Konuşmasının ilerleyen dakikalarında Bahçeli, demokratik tercihlerdeki çarpıklık ve samimiyetsizliğe dikkat çekti. “Siyasi ihtiraslarla aşırıya kaçmak kimseye bir şey kazandırmaz. Kararsız ve inançsız siyasetçiler demokrasi tercihini iki yüzlü kılıyor, bunun faturası hep birlikte ödeniyor,” diyerek siyasetçilerin geleceğe orijinal, cesur ve sorumlu bir bakış sergilemesi gerektiği mesajını verdi.
Bahçeli, “Geçmişin acılarını istismar ederek geleceğe kundaklamayalım” diyerek; şehitlerin, gazilerin ve tüm vatandaşların hatırasının siyasal çekişmelere malzeme edilmesini reddetti. Türk-Kürt kardeşliği vurgusu yapan Bahçeli, “El ele gönül gönüle ülkemizi daha ileri taşıyalım; milliyetçilik birleştirici aklın ve ruhun eseridir,” sözleriyle toplumsal kaynaşmanın altını çizdi.

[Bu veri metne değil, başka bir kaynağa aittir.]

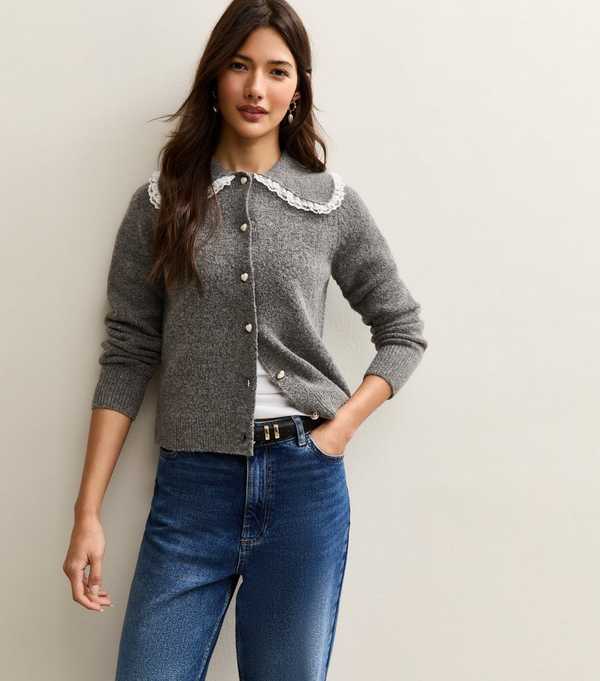 New Look Mid Grey Lace Collar Cardigan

Türkiye Cumhuriyeti vatandaşlarının eşit ve saygın bireyler olarak yaşaması gerektiğini belirten Bahçeli, “Devlete ortak koşmak, rakip çıkarmak ya da otorite paylaşımını arayış haline getirmek kontrolsüzlüğe sürükler. Anayasal vatandaşlık ve Türklüğü etnik bir kimliğe indirgeyerek toplumu ayrıştırmaya çalışan söylemler hüsranla sonuçlanır,” dedi. Özellikle anayasanın 66. maddesinin değişmez bir toplumsal sözleşme olduğunun altını çizdi.

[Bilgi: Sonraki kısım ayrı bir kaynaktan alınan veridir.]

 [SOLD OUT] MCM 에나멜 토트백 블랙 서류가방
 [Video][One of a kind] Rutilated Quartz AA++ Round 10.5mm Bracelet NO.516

Konuşmanın kritik bölümü ise, Bahçeli'nin Suriye ve SDG açıklamalarıydı: Terör örgütü PKK’nın İmralı açıklaması sonrası lav edilmesini, “örgütün bütün bileşenlerinin silah bırakmasını” bir gereklilik olarak ortaya koydu. Suriye’de SDG ve YPG’nin merkezi hükümete entegrasyonu ve bu yöndeki olumlu görüşme trafiği, Türk diplomasisinin bölgedeki etkisinin bir göstergesi olarak değerlendirildi. Ayrıca Suriye’nin bölünmez bütünlüğünün Türkiye’nin değişmez politikası olacağını vurguladı.

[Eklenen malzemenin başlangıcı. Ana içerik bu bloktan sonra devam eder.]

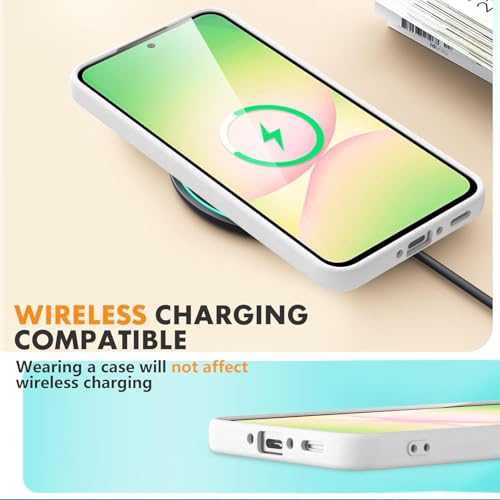 Image of DIZORO Microfiber Candy Case for Samsung A36 5G Smooth Touch Cushion Liquid Soft Silicone Gel Rubber Phone Cases Non-Slip Full Body Protective Shockproof Back Cover (White)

Gazi Mustafa Kemal Atatürk’ün “Türkiye’nin güvenliğinin esas alınacağı, kimsenin zarar görmeyeceği barış politikası”ndan ilham aldığını söyleyen Bahçeli, “Her türlü terörün karşısında çelikten bir duvar gibi duracağımızdan kimsenin şüphesi olmasın” diyerek ülkenin temel değerlerinin altını bir kez daha çizdi. Kapanışta ise, Türk milletinin vatan sevgisi ve dayanışma ruhunun tüm tehditlere karşı sarsılmaz olduğunu büyük bir güvenle dile getirdi.
Bahçeli’nin bu manifestosu, hem birlik ve barış çağrısıyla hem de toplumsal kutuplaşmanın reddiyle yalnızca bugünün değil, geleceğin siyasal vizyonuna da yön verecek nitelikte. TELE1 TV ekranlarından milyonlara ulaşan bu söylem, Türkiye’nin toplumsal ve siyasal yolculuğunda ufuk açıcı detaylarla derin izler bırakacak.